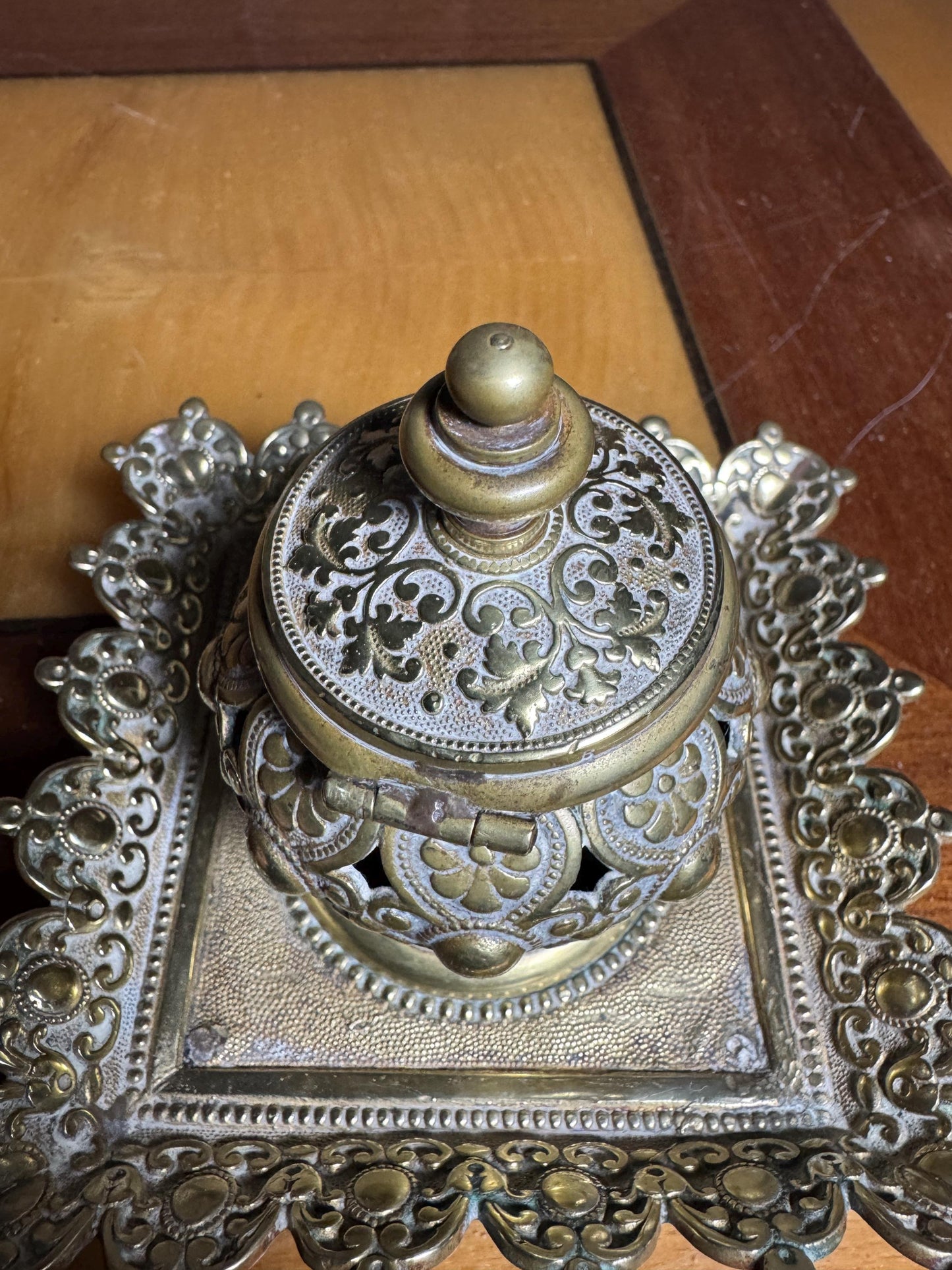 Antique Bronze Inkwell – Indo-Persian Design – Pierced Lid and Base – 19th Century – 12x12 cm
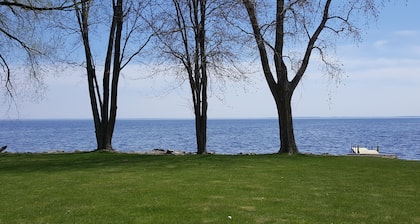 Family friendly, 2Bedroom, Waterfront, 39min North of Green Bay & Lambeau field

══════

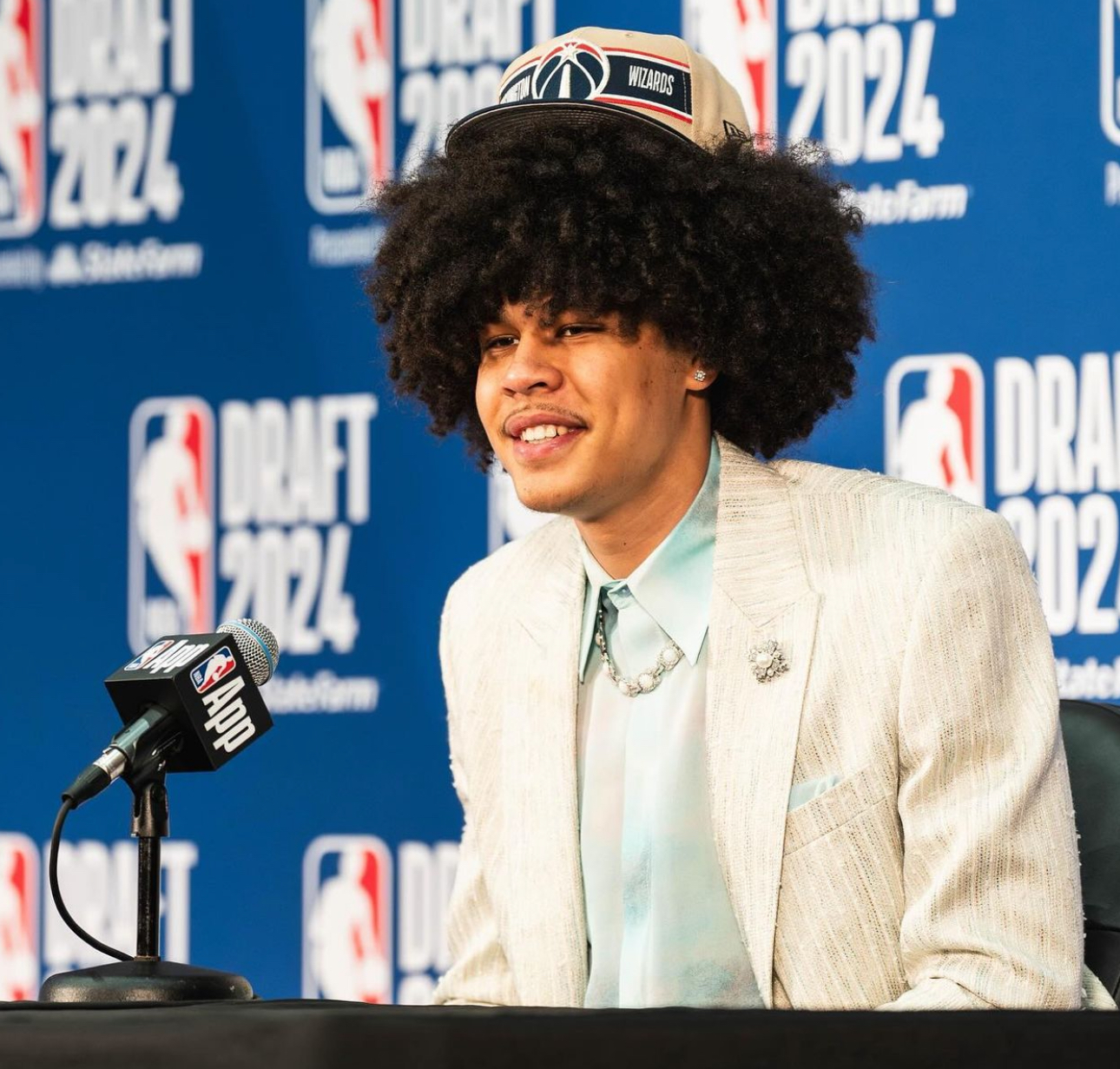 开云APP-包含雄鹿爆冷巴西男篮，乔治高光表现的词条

══════

◆ Task prompt ◆
Nothing but the lines above from the one that has "Antique Bronze Inkwell" down to the one that has "Family friendly, 2Bedroom, Waterfront, 39min" belongs in the answer, copied exactly, without pictures.

◆ Reply ◆
 Antique Bronze Inkwell – Indo-Persian Design – Pierced Lid and Base – 19th Century – 12x12 cm
 Family friendly, 2Bedroom, Waterfront, 39min North of Green Bay & Lambeau field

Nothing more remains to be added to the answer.